Sporopollenin precursors are synthesized in tapetal cells and subsequently are transported to the pollen surface for exine formation. ABCG26 (WBC27) is an adenosine tri-phosphate binding cassette (ABC) transporter and is demonstrated to be involved in the transport of sporopollenin precursors from tapetum to anther locule [69,88,89,90]. The microspores of the abcg26 lack normal exine, causing the degeneration of microspores at the uninucleate stage [69,90]. The expression pattern of ABCG26 is extremely similar to the genes required for sporopollenin precursors synthesis, including CYP704B1, ACOS5, MS2, and CYP703A2, and the ABCG26 protein localizes to the plasma membrane [72,90]. Further study suggested that the substrate transported by ABCG26 is a polyketide synthesis metabolon product, the major component for forming sporopollenin [89]. Taken together, these results suggest that as a transporter of sporopollenin precursors, ABCG26 is involved in pollen sexine formation [89,90]. In addition to ABCG26, other members of the ABCG transporters family, ABCG1, ABCG9, ABCG16, and ABCG31, have also been found to be involved in the transport of pollen surface materials from tapetal cells to anther locules [91,92,93]. It has been shown in a recent report that IMPERFECTIVE EXINE FORMATION (IEF), encoding a plasma membrane protein, is another potential sporopollenin precursor transporter [94]. The IEF is expressed in the tapetum and is also directly regulated by AMS. Cytological observation shows both exine and nexine formation are defective in ief [94]. However, the expression of ABCG26 shows no difference between wild-type and ief plants, and abcg26ief-2 has a more severe sporopollenin deposition defect compared to that of abcg26, indicating that IEF is associated with a novel regulatory pathway for sporopollenin deposition [94]. It is likely that ABCG26 and IEF are responsible for transporting different sporopollenin constituents, which requires further investigation in the future.
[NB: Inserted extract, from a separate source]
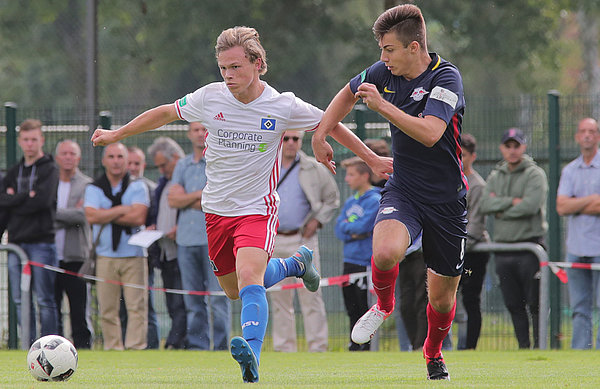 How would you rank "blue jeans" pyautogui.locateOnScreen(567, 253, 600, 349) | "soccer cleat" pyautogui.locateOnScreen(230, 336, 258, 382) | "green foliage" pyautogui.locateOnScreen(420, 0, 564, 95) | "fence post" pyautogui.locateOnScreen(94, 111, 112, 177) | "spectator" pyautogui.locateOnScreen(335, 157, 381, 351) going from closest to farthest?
"soccer cleat" pyautogui.locateOnScreen(230, 336, 258, 382), "blue jeans" pyautogui.locateOnScreen(567, 253, 600, 349), "spectator" pyautogui.locateOnScreen(335, 157, 381, 351), "fence post" pyautogui.locateOnScreen(94, 111, 112, 177), "green foliage" pyautogui.locateOnScreen(420, 0, 564, 95)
TEK is highly expressed in the tapetal cells at the tetrad stage and encodes an AT-hook nuclear-localized family protein [68]. Cytological and genetic studies indicated that TEK determines nexine formation during pollen development and knockout TEK results in the absence of nexine and intine layers, while sexine formation is not affected [68]. Further study has shown that TEK directly binds to the promoter of several Arabinogalactan proteins (AGPs) genes, including AGP6, AGP11, AGP23, and AGP40, and positively regulates their expression to promote nexine formation [95]. However, in contrast to the regulation for AGPs, the TEK negatively regulates the expression of CalS5 after the tetrad stage in wild-type plants, which is required for callose synthesis [47,96]. For the transgenic line of pAMS: TEK-GFP, the TEK expresses prematurely and suppresses CalS5 expression directly, leading to aberrant exine patterning and defects in callose synthesis, suggesting that the temporal regulation of TEK is essential for pollen wall formation [96].
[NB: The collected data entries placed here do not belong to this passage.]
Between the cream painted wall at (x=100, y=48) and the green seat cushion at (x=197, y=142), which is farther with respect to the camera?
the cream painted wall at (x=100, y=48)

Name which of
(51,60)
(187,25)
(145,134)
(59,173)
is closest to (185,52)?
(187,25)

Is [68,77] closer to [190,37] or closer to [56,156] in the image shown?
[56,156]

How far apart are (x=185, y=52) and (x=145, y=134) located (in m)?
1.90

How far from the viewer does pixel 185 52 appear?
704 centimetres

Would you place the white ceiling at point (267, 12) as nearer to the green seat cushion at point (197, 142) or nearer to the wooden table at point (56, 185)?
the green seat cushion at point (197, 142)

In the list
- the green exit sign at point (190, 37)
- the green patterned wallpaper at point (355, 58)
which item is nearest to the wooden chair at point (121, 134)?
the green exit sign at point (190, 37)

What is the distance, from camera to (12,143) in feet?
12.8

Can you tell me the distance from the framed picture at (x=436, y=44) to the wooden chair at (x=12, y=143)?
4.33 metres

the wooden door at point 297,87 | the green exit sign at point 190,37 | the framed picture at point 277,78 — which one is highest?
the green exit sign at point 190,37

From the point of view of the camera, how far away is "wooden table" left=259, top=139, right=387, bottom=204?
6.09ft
In summary, the development and function of tapetum are mainly regulated by a series of transcription factors, which constitute the genetic regulatory DYT1-TDF1-AMS-MS188/TEK/ABCG26 network to affect the pollen wall formation and pollen development through regulating the expression of different downstream genes (Figure 2) [25,97].
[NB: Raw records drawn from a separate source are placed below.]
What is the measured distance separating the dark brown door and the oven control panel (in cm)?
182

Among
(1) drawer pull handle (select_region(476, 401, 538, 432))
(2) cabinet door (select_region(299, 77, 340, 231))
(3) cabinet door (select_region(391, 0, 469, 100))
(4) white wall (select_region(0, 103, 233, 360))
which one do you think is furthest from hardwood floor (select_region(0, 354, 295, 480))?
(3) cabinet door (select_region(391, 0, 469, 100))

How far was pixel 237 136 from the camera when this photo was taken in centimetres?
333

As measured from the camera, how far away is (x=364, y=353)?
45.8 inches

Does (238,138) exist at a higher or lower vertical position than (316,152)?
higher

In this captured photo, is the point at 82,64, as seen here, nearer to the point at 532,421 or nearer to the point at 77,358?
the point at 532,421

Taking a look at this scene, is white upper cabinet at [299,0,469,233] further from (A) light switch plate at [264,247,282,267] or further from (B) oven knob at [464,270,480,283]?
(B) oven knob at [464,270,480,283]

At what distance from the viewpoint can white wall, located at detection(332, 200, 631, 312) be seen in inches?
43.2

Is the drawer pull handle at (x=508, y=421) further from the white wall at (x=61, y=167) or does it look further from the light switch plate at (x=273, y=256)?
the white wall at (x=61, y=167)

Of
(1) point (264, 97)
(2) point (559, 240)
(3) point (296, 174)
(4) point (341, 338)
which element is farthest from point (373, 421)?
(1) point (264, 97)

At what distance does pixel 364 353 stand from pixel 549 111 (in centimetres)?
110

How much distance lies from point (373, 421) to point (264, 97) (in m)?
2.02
3.3. The MYB2-CEP1/βVPE Pathway Regulates the Tapetal Program Cell Death (PCD)

It is well known that tapetum PCD is one of the most important events during pollen development [4,5]. An MYB transcription factor gene family member, MYB2, is expressed in the tapetum from stage 5 to stage 11, and works as a key factor for the regulation of the tapetum PCD and pollen development [98]. The mutation of MYB2 will lead to delayed tapetal PCD, irregular and spare exine, and defective pollen. The vitality and gemmation of the survival pollen in the myb2 were greatly decreased [98]. Transcriptional activation assay showed that MYB2 functions as an activator to directly activate the expression of cysteine protease CEP1 and βVPE, both of which are required for tapetal cell degradation (Figure 2) [98,99,100]. The expression pattern of CEP1 and βVPE are almost overlapped with MYB2 and similar phenotypes to myb2 have been observed in cep1 and βvpe. In addition, the myb2 pollen vitality is rescued when either/both CEP1 or/and βVPE is/are overexpressed. These results indicate that MYB2 acts upstream and regulates the CEP1 and βVPE expression for regulating tapetum PCD and pollen development [98]. However, the transcription factor that regulates the expression of MYB2 is unclear. In tapetum-defected mutants, such as spl/nzz, dyt1, tdf1, ams, myb80, or ms1, the MYB2 expression level has no significant change, implying that these transcription factors are not genetic upstream of MYB2 [98]. In one report, the MYB2 expression is regulated by the transcription factor WRKY1 in response to drought and ABA treatment [101]. Furthermore, WRKY1 can bind to the W-box domain in the MYB2 promoter, suggesting that WRKY1 acts upstream and directly regulates the expression of MYB2 [101]. However, whether WRKY1 regulates MYB2 expression during pollen development and the function of WRKY1 in tapetum PCD remains to be further studied.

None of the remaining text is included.